O empresário e general angolano na reserva Bento dos Santos ‘Kangamba’, que foi detido no sábado por suspeitas de “burla por defraudação”, saiu hoje em liberdade, mas está proibido de sair de Angola.


Segundo uma fonte judicial, Bento “Kangamba“, que foi hoje ouvido na Direção Nacional de Ação Penal, foi posto em liberdade, ficando sujeito a termo de identidade e residência e apresentação periódica às autoridades e não poderá ausentar-se do país.
Bento ‘Kangamba‘, que foi detido na província do Cunene, no sul de Angola, junto à fronteira com a Namíbia é suspeito de ter usado em proveito próprio cerca de seis milhões de dólares (cerca de 5,4 milhões de euros) “que lhe teriam sido entregues a pretexto de financiar uma campanha do seu partido [MPLA, partido no poder]”, indicou a mesma fonte.
Na altura da detenção foram apreendidos uma pistola e valores em kwanzas (moeda angolana) e rands (moeda sul-africana) cuja quantia não foi divulgada.
Kangamba contesta, no entanto, que estivesse a tentar fugir do país, e afirma que tem colaborado com a justiça angolana, no sentido de pagar a dívida contraída, sem detalhar qual o valor da mesma ou quem são os credores.
Num comunicado enviado pela sua assessoria de imprensa pouco depois da detenção, Bento ‘Kangamba‘ referia que não pendia sobre si “nenhuma interdição de saída, ou qualquer outra medida de coação” e que a “aludida dívida, que foi forçadamente contraída a alguém que pretendia expatriar os seus capitais, à revelia da legislação em vigor” era “de montante bastante inferior ao património que possuiu”.
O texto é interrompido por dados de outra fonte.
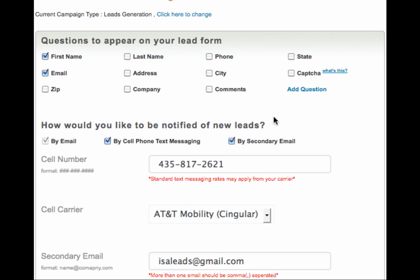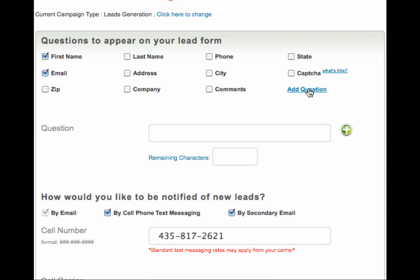You can also add custom questions or turn on CAPTCHA in the event you want to reduce spam. To learn more about CAPTCHA, click the link next to the CAPTCHA option.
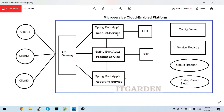We can implement config server communication by adding one artifact. We also need to register this account service inside the Eureka naming server so it becomes part of our microservice cloud component. So the two tasks are: connect account service to config server, and register it with the service registry. We'll implement that now.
Considerou ainda que a detenção foi “ilegal, ilícita e abusiva”, servindo para “humilhar publicamente um homem que tanto contribuiu, como militar, político e empresário, para o engrandecimento de Angola”, referem os assessores do general, que prometem recorrer da prisão.
O general Bento dos Santos ‘Kangamba‘ foi detido junto à fronteira com a Namíbia por suspeita de “burla por defraudação” e fuga, anunciou no sábado a Procuradoria –eral da República (PGR) de Angola.
Em causa estão indícios de “prática do crime de burla por defraudação”, segundo as autoridades angolanas, que salientaram, que o general foi detido na província do Cunene, no sul de Angola, quando tentava fugir para a Namíbia.